Notes On Old Testament
| Author | John Wesley |
|---|---|
| Type | notes |
| Year | None |
| Passage ID | jw-notes-on-old-testament-1589 |
| Words | 375 |
Strengthen - Supports him in, and secures him against troubles and dangers. Sinneth not - Who is universally and perfectly good. Also - Do not strictly search into them, nor listen to hear them. Proved - I have found to be true, by the help of that singular wisdom which God had given me. I said - I determined that I would attain perfection of wisdom. But - I found myself greatly disappointed. It - God's counsels and works, and the reasons of them. And seek - He useth three words signifying the same thing, to intimate his vehement desire, and vigorous, and unwearied endeavours after it. The reason - Both of God's various providences, and of the counsels and courses of men. The wickedness - Clearly and fully to understand the great evil of sin. I find - By my own sad experience. Shall escape - Shall be prevented from falling into her hands.

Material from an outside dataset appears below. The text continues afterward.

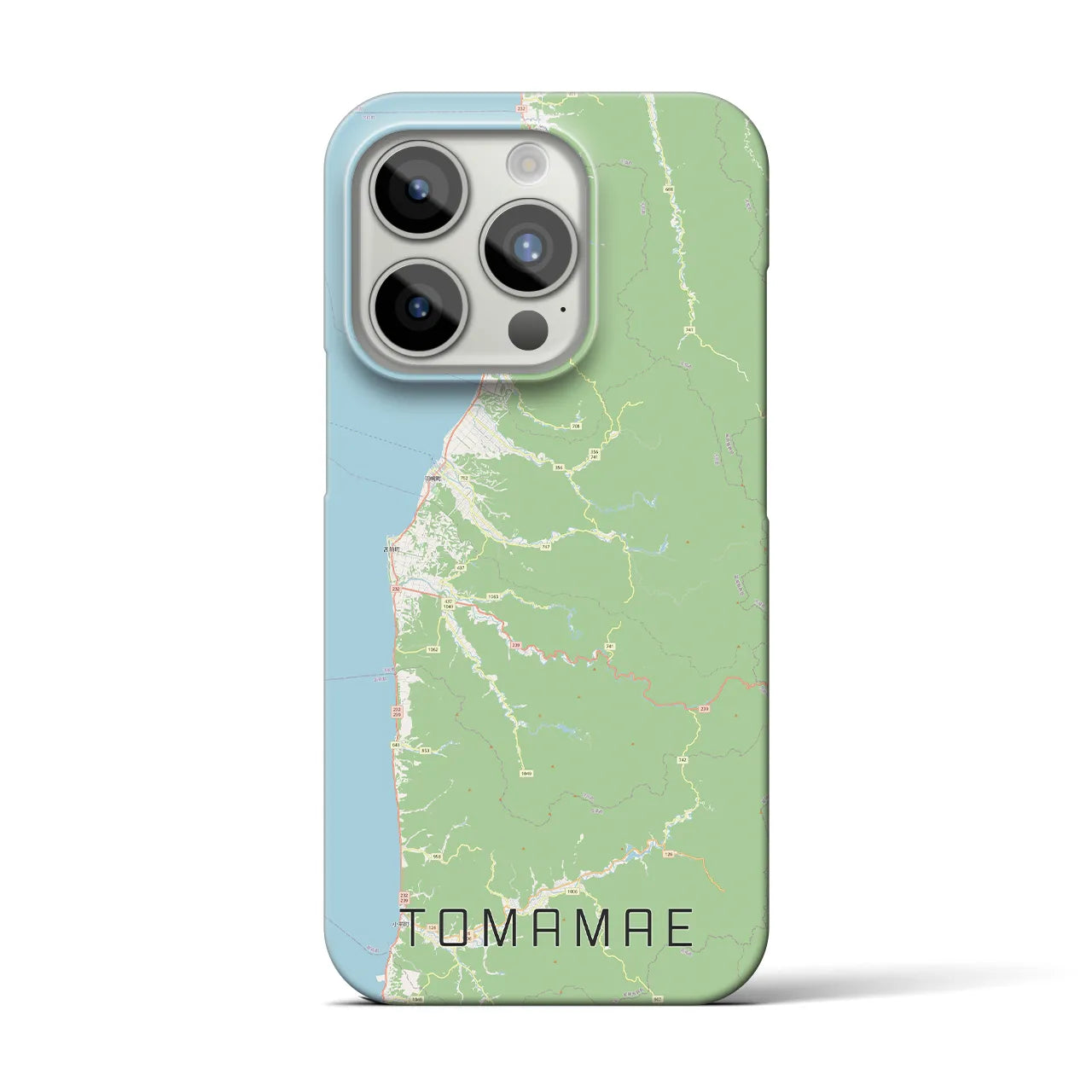 【苫前】地図柄iPhoneケース（バックカバータイプ・ナチュラル）iPhone 15 Pro 用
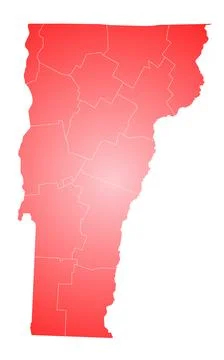 Vermont administrative map. counties map of Vermont, blank Vermont Map, emp.. Illustrazione stock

To find - That I might make a true and just estimate. Yet seeketh - I returned to search again with more earnestness. I find not - That it was so, he found, but the reason of the thing he could not find out. One man - A wise and virtuous man. A woman - One worthy of that name; one who is not a dishonour to her sex. Among - In that thousand whom I have taken into intimate society with myself. Lo, this - Though I could not find out all the streams of wickedness, and their infinite windings and turnings, yet I have discovered the fountain of it, Original sin, and the corruption of nature, which is both in men and women. That - God made our first parents, Adam and Eve. Upright - Heb. right: without any imperfection or corruption, conformable to his nature and will, after his own likeness. They - Our first parents, and after them their posterity. Sought out - Were not contented with their present state, but studied new ways of making themselves more wise and happy, than God had made them. And we, their wretched children, are still prone to forsake the certain rule of God's word, and the true way to happiness, and to seek new methods of attaining it.